[Start of section]

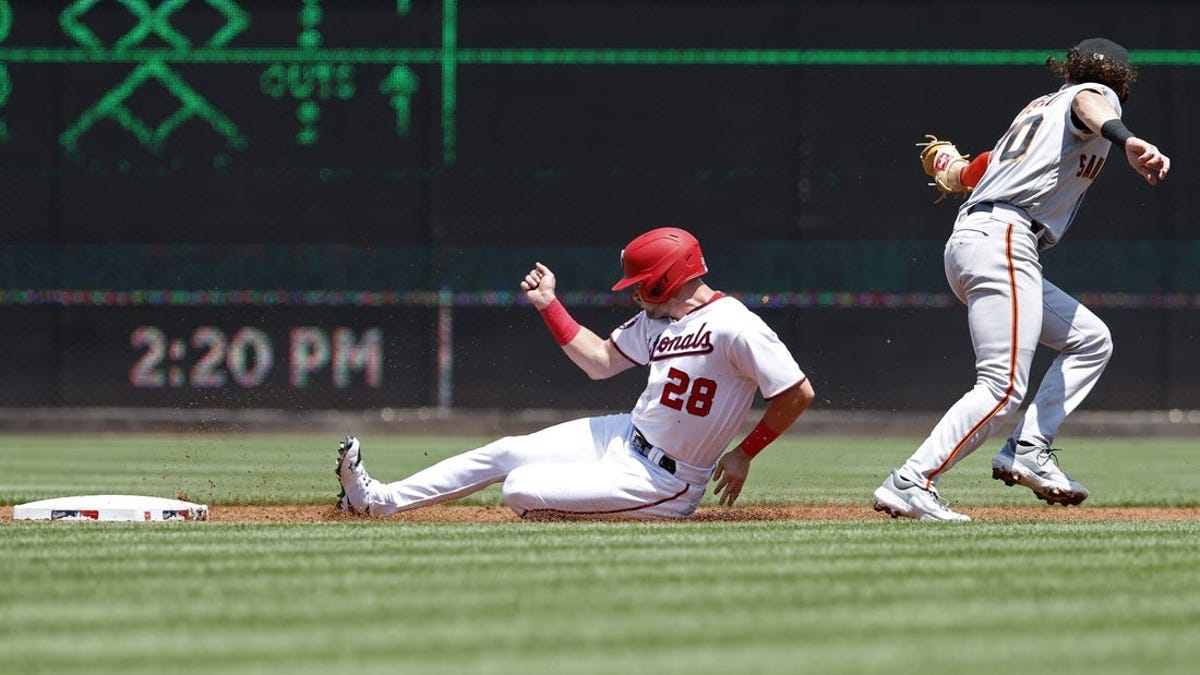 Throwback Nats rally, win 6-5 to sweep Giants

[End of section]
[Start of section]

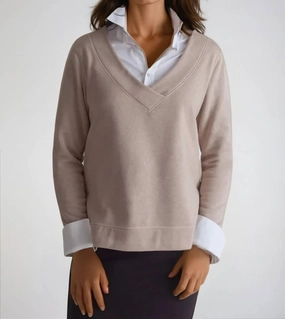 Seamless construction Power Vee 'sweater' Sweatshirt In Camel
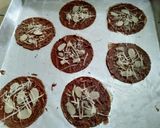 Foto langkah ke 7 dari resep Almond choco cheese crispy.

[End of section]

**What is required:** Using the entries above, transcribe exactly from the line that has "Seamless construction Power" through the line that has "Foto langkah ke". Pictures are dropped.

**The completed task:**
 Seamless construction Power Vee 'sweater' Sweatshirt In Camel
 Foto langkah ke 7 dari resep Almond choco cheese crispy.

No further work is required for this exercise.